Хотя прозаичная задача по выставлению оценок никогда не удостаивалась его нераздельного внимания, учебная аудитория (а не церковь) была для него единственным священным местом в пределах нашего колледжа. «Они не умеют писать. Ну-у, потому что, видите ли, ну-у, они ничего не читали. Знаете ли, ну-у, это же… ну да ладно…» Вот слова тогдашнего Меллоновского профессора литературы после особенно неудачного занятия, когда он расхаживал по моему кабинету, сердито топая, в шапке, которую донашивал со времен своей, как он выражался, «сибирской фазы». Я сказал: «Иосиф, именно для этого вы здесь. Чтобы научить их». Долгая пауза. Он несколько раз торопливо затягивается сигаретой, задумчиво глядя в окно. Затем – кошачья улыбка во все лицо, русские медвежьи объятия, прыжок к двери. «Конечно, конечно, ну-у, да, ну-у. Мы должны начать, ну-у, с начала». Я выскочил вслед за ним в коридор, окликнул: «Кстати, а с начала – это с чего?» Он хихикнул: «Конечно, с „Книги общей молитвы“». Это прозвучало из уст еврея-атеиста[85].
Разные люди видели разные грани его натуры. Вы читали «A Personal Memoir»[86] Людмилы Штерн?
Да, я написала рецензию, тоже для «Кеньон ревью».
В некотором роде книга очень милая, очень интересная, хотя в ней было полно самых разных ошибок. Я, кажется, уже говорил вам, что читал гранки, так что мне удалось исправить некоторые ошибки и заполнить кое-какие лакуны. Книга очень хорошая, заполняет много пробелов, о которых еще никто не написал, – пробелов в истории его взаимоотношений с некоторыми людьми в Ленинграде и с русскими эмигрантами в нашей стране. В книге ничего не сказано обо всех тех американцах – в том числе о крупных американских и британских поэтах, – которые стали его друзьями.

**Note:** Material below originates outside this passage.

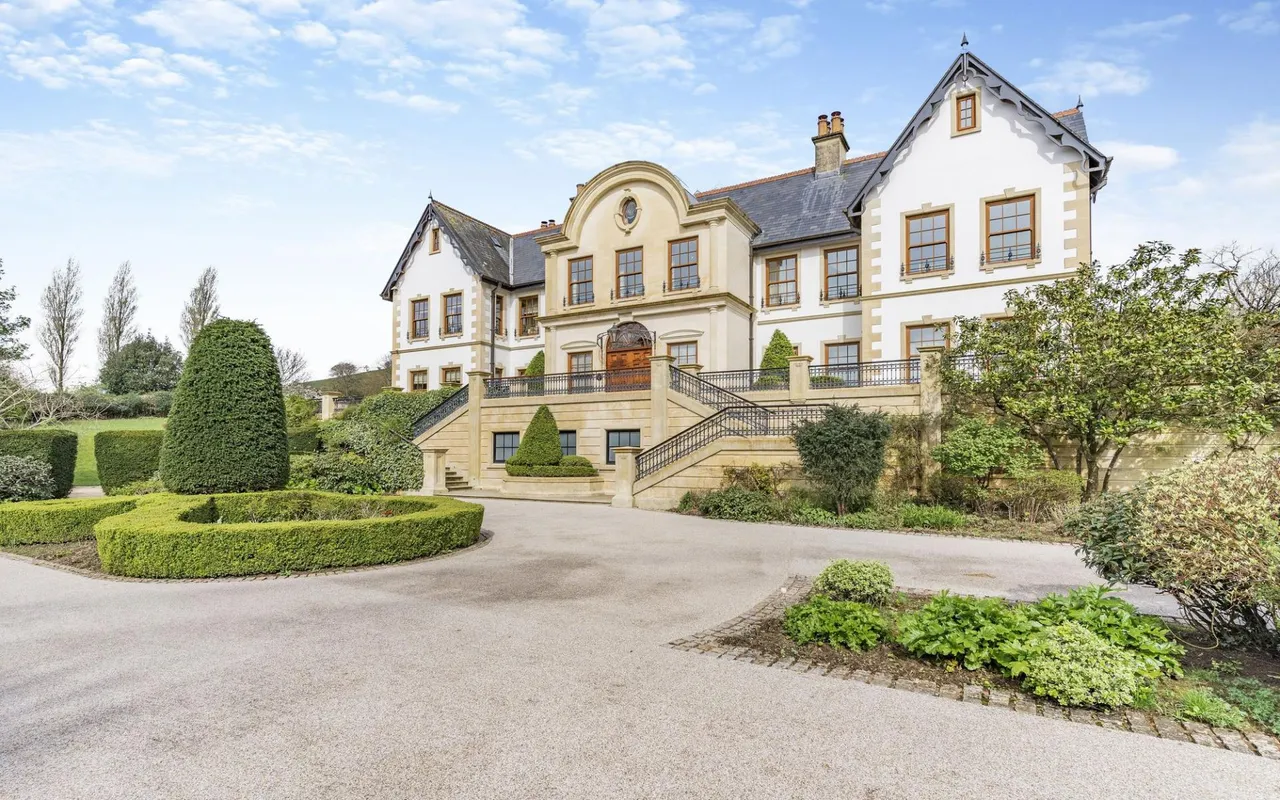 Rudry Road, Lisvane, CF14, photo 60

Что ж, например, те люди, те американцы, с которыми он познакомился в Ленинграде. Карл и Эллендея Проффер, Строуб и Брук Тэлботт, Сэм Реймер, Дик Сильвестр, Питер Вирек, Майк Каррен, Джим Биллингтон – этот список можно продолжать. Я, наверное, мог бы перечислить примерно дюжину имен.
Он искал знакомства с ними и во многих случаях становился их близким другом, очень близко подружился с Питером и, как вы знаете, со мной и еще несколькими людьми. Он очень хорошо умел – как бы это сформулировать? – судить о людях и чуял чуть ли не с первого взгляда, что перед ним хорошие люди, серьезные люди, умные, эрудированные, тонко чувствующие, и ему хотелось быть среди них, дружить с ними. Таких людей было не очень много.
То же самое он проделал чуть ли не с первого взгляда с Шеймасом Хини, Дереком Уолкоттом, Марком Стрэндом, Сьюзен Сонтаг и Бобом Силверсом. И наверняка еще с двумя или тремя, чьих имен я сейчас не припомню.
Я это заметила. В книге Штерн время почти что останавливается после приезда Иосифа в Америку, но то же самое можно сказать и о книге Лосева.
Что вы имеете в виду?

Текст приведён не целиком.